You can count on golf to be a few years behind the rest of the world.
Except when it comes to talk shows.
Maybe it’s the conservative nature of the sport, but whether it’s adoption of social media, use of emerging technologies or general stances on something like the environment, the sport always seems to be a few years behind. Yet when it comes to reimagining the modern television talk show, golf can wheel out two examples of thinking beyond the typical scripted interview show.
Both, coincidentally, debut this week with big episodes.
Feherty on Golf Channel opens its sixth season with last year’s Masters and U.S. Open winner Jordan Spieth (9 pm ET Monday and March 14th), followed in upcoming weeks by former President George W. Bush and Jason Day.
While the notorious golf funnyman works from a long list of prepared questions, Feherty’s ability to relax the interviewee and take conversations to unforeseen places that makes the show so enjoyably unpredictable.
The whimsy and slick production values of Feherty are in sharp contrast to Peter Kessler’s old Golf Talk Live show that helped put Golf Channel on the map, long before the network had so much live golf to show. Kessler’s interviews enjoyed a tension and must-see element due to the live setting and his innate ability to get normally guarded golfers to share emotional stories.
While Feherty isn’t going to make many cry on television, rarely does the show’s taped, edited and shiny presentation prevent interesting discussion from happening. Just watch the hour with Alabama football coach Nick Saban and you know Feherty can humanize anyone.
The 2016 edition of the show will introduce a number of new elements, led by a sequence of Feherty “stand-ups” interwoven throughout each episode.

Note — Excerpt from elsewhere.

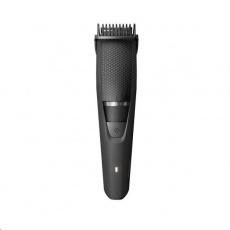 Philips BT3226/14 Series 3000 Zastřihovač vousů Philips BT3226/14 Series 3000 Zastřihovač vousů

They were recorded before a live audience at Universal Orlando’s NBC Sports Grill & Brew restaurant.
Here is a preview clip of Spieth’s season-opening two-part interview.
Callaway Live Is Back With Some Big “Gets"
Debuting on at 9 pm ET in its new Tuesday slot and available for viewing anytime is Callaway Live, the Harry Arnett-hosted digital-streaming talk show from the Carlsbad-based golf manufacturer. The second show opens with Phil Mickelson and will be followed by its trademark eclectic mix of guests: businessman Jimmy Dunne, LPGA stars Lydia Ko and Morgan Pressel, and arguably the show’s most impressive “get” yet, Maroon 5 singer and star of NBC’s The Voice, Adam Levine on March 29th.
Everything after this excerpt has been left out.